Updated: Sep 1
A journal paper authored by EKMOA members has been published.
Certainly, we would like to share some joyful news that our association's name has been featured in the first academic paper published in "Science of the Total Environment." https://www.sciencedirect.com/journal/science-of-the-total-environment (IF: 9.8, Q1)
This paper was authored based on research conducted by our Financial Director, Mr. Ha Seungman, during his doctoral studies at Strathclyde.
The paper addresses the comprehensive environmental assessment of energy (fuel) imports to South Korea, and its related content has also been introduced at IMO MEPC 80.
This achievement is truly significant for our association, and we are pleased to share it with you all. You will find some details as below:
A framework for determining the life cycle GHG emissions of fossil marine fuels in countries reliant on imported energy through maritime transportation: A case study of South Korea
Seungman Ha, Byongug Jeong, Hayoung Jang, Chybyung Park*, Byungchurl Ku
Science of the Total Environment (IF: 9.8, Q1)

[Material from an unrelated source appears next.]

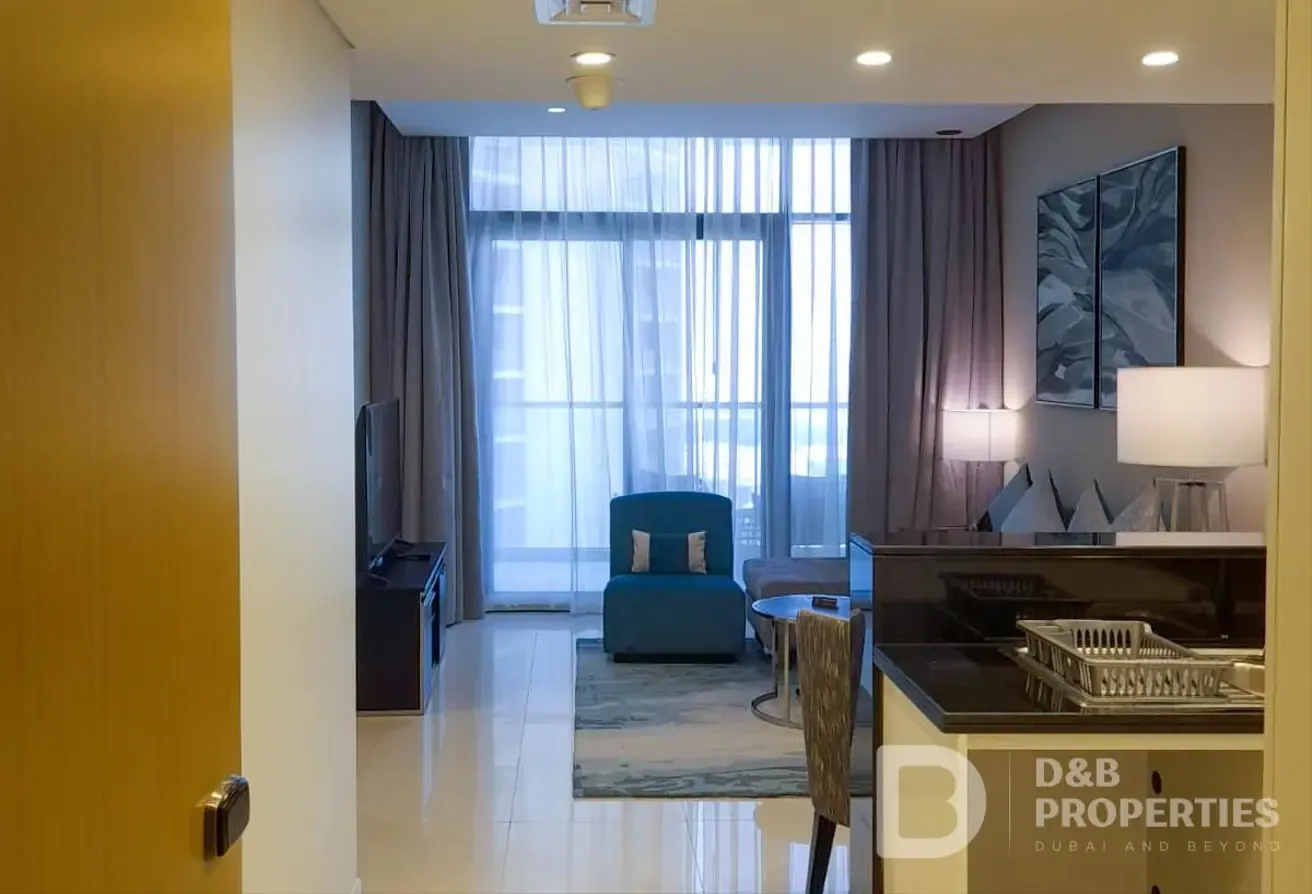 Spacious 1 Bedroom | High Floor | Vacant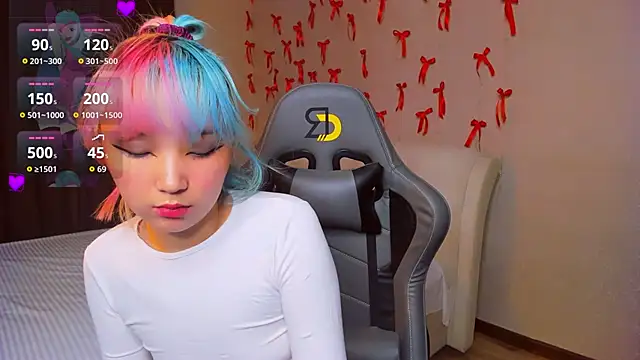 Milla Aheo online show from 03-19-26, 01:04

This research was motivated to address limitations in the current lifecycle assessment frameworks with the absence of proper guidelines for developing default lifecycle values of energies in consideration of supply chain activities and maritime transportation. Given this, it aims to evaluate the level of life cycle GHG emissions of heavy fuel oil, LNG, LPG and methanol as marine fuels produced and supplied in energy import-dependent countries, using South Korea as a case study. The analysis clearly shows that the impact of international shipping on Well-to-Tank (WtT) GHG emissions for energy carriers would be subject to several factors: propulsion system types, the quantify of energy transported, and the routes and distances of voyages. For instance, transportation emissions from LNG carriers for LNG fuel vary significantly depending on the country of import, ranging from 2.26 g CO2 eq./MJ (representing 12.2 % of Well-to-Tank (WtT) emissions for Malaysia) to 5.97 g CO2 eq./MJ (representing 33.3 % of WtT emissions for Qatar). As a preliminary study, an enhancement on the quality of the input/inventory data is imperative for obtaining a reliability of results. Nevertheless, the comparative analysis of different fuels and life stages provides valuable insights for stakeholders to develop effective policies and energy refueling plans for reducing life cycle GHG emissions from marine fuels. These findings could also enhance the current regulatory framework and provide meaningful lifecycle carbon footprints of marine fuels for energy importing countries. The study results also strongly suggest that default values of GHG emission for different countries relying on energy imports via international maritime transport should be further developed in consideration of the impact of regional differences, such as distance, from the importing country for successful arrival of LCA application on marine industry.